Exercise instructions: Your copy should hold every record exactly and no images.

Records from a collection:
·····

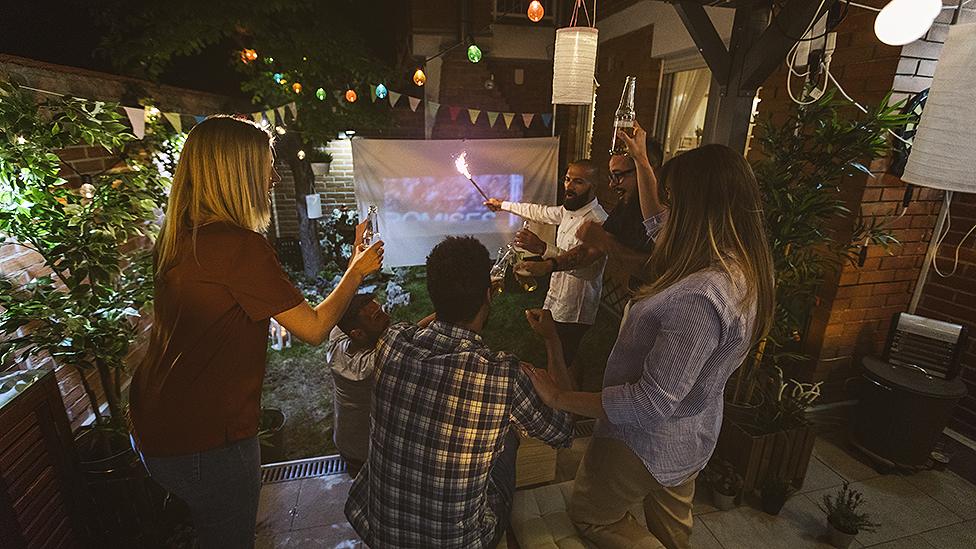 Football fans watching football on a projector screen in a garden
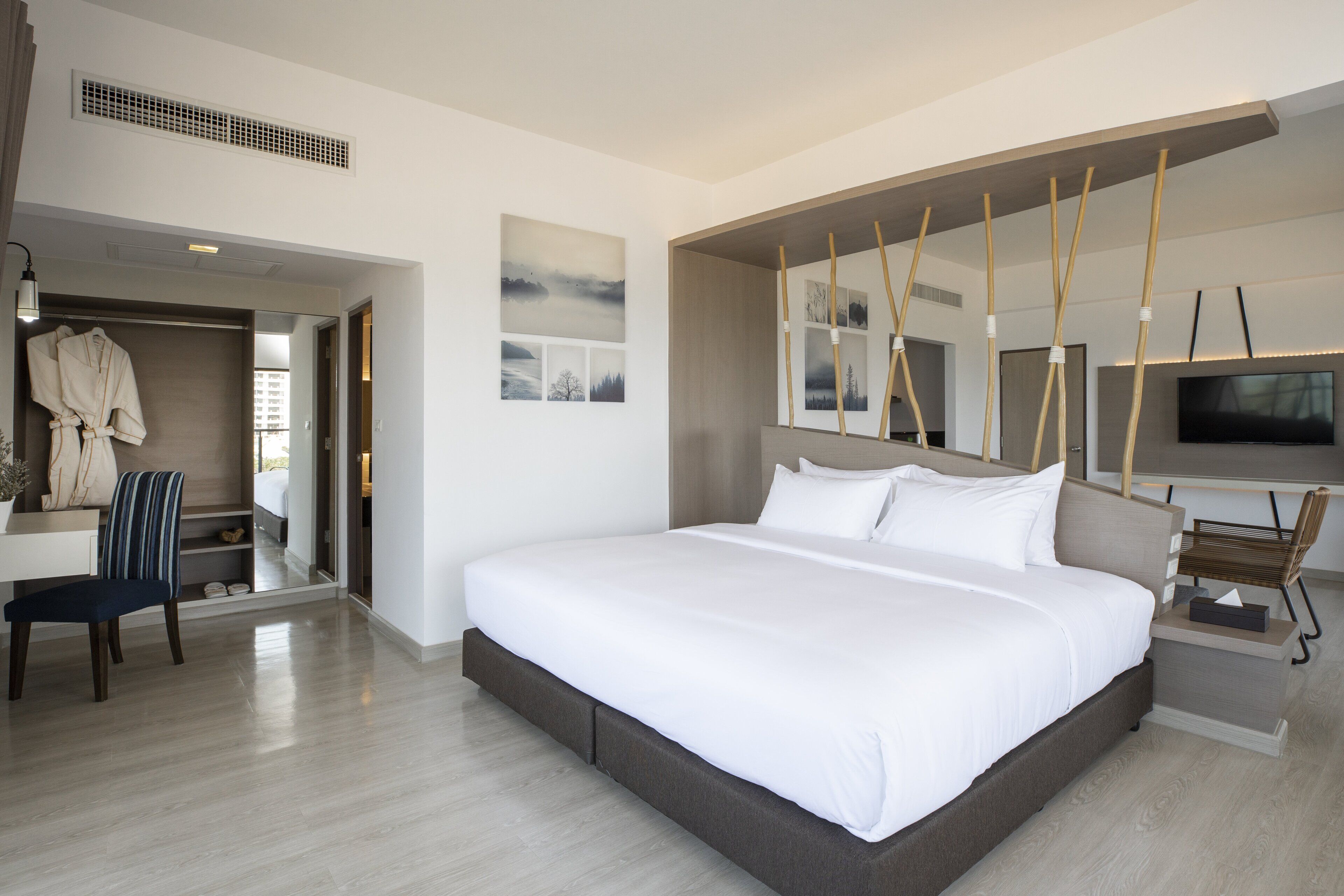 A modern hotel room with a large bed, a desk, a chair, and a TV.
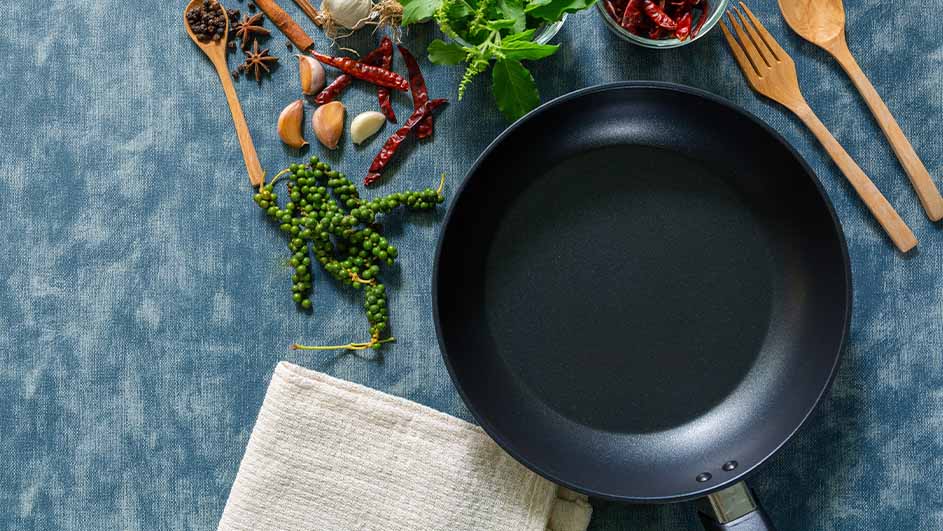 Een zwarte koekenpan ligt op een blauwe ondergrond met kruiden, knoflook, pepers en houten keukengerei.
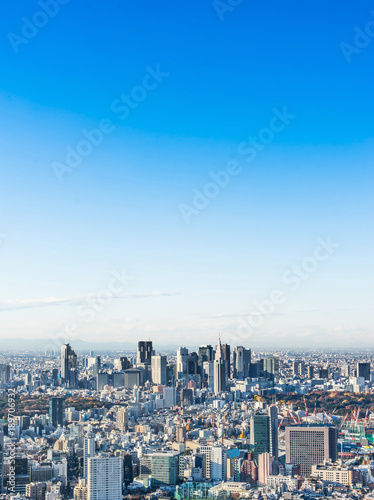 Asia Business concept for real estate and corporate construction - panoramic modern city skyline bird eye aerial view of Shinjuku under blue sky in Roppongi Hill, Tokyo, Japan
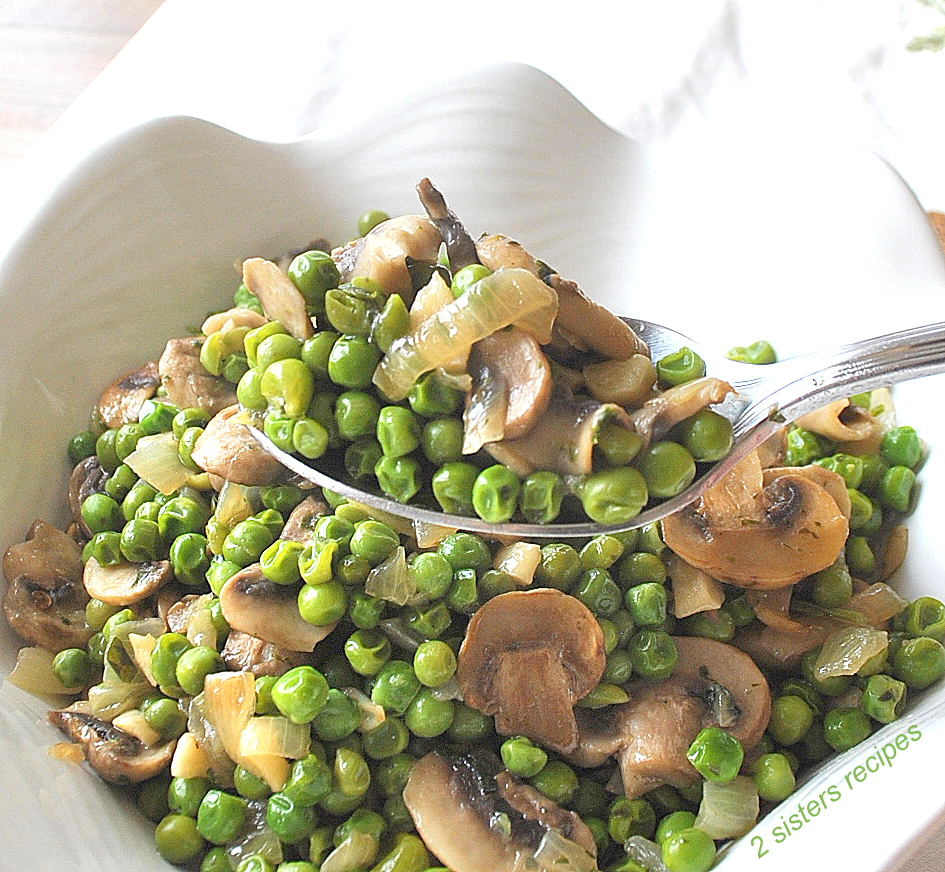 A spoonful of peas and mushrooms. by 2sistersrecipes.com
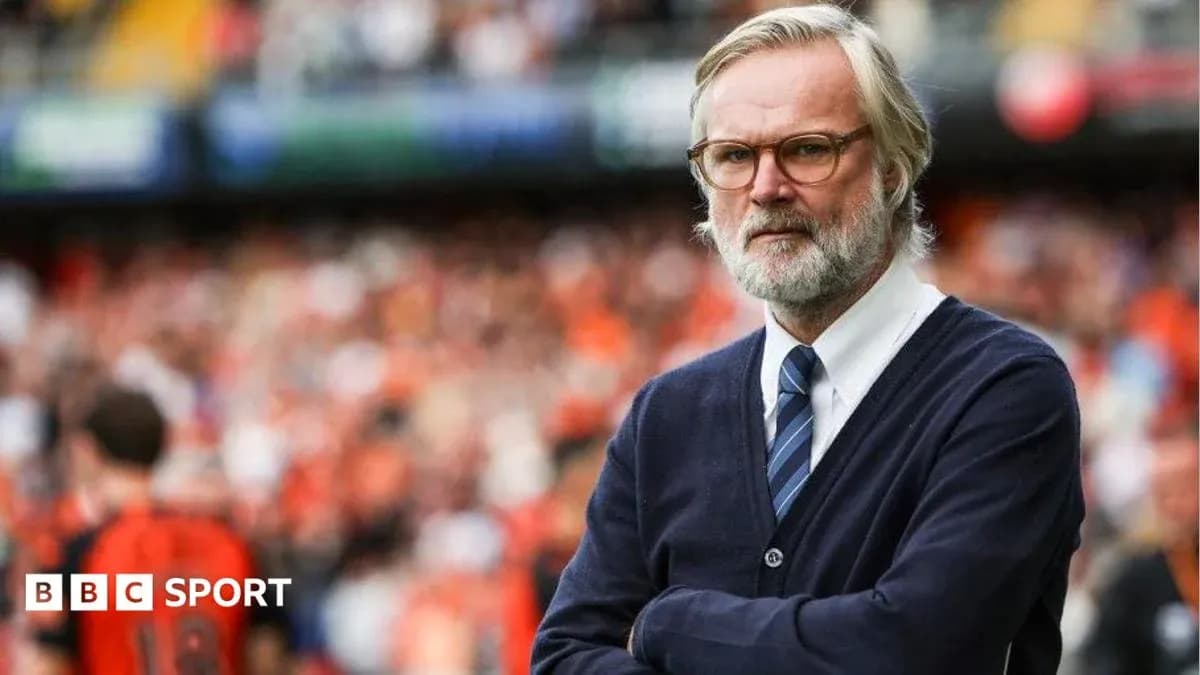 Coach observing match with arms crossed in stadium Coach observing match with arms crossed in stadium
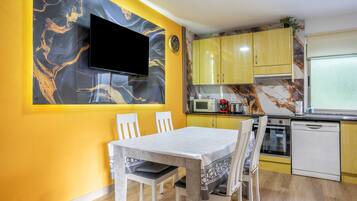 Een moderne keuken met gele kastjes, een flatscreen televisie aan de muur en een eettafel met stoelen.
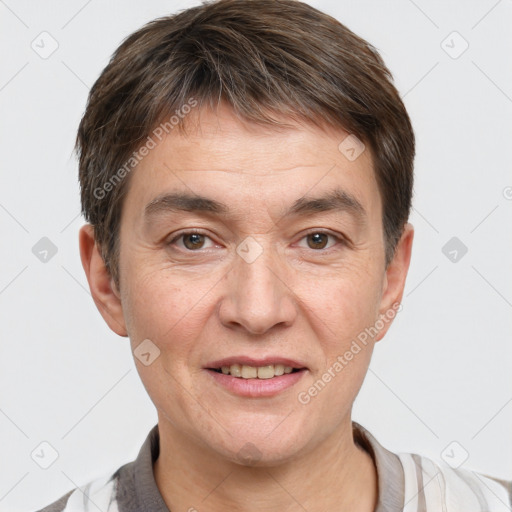 Joyful white adult male with short  brown hair and grey eyes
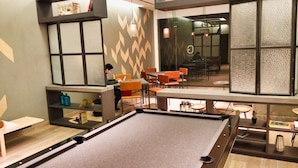 Une table de billard dans un décor intérieur moderne, avec des coins salon et des étagères décoratives.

·····

Answer space:
 Football fans watching football on a projector screen in a garden
 A modern hotel room with a large bed, a desk, a chair, and a TV.
 Een zwarte koekenpan ligt op een blauwe ondergrond met kruiden, knoflook, pepers en houten keukengerei.
 Asia Business concept for real estate and corporate construction - panoramic modern city skyline bird eye aerial view of Shinjuku under blue sky in Roppongi Hill, Tokyo, Japan
 A spoonful of peas and mushrooms. by 2sistersrecipes.com
 Coach observing match with arms crossed in stadium Coach observing match with arms crossed in stadium
 Een moderne keuken met gele kastjes, een flatscreen televisie aan de muur en een eettafel met stoelen.
 Joyful white adult male with short  brown hair and grey eyes
 Une table de billard dans un décor intérieur moderne, avec des coins salon et des étagères décoratives.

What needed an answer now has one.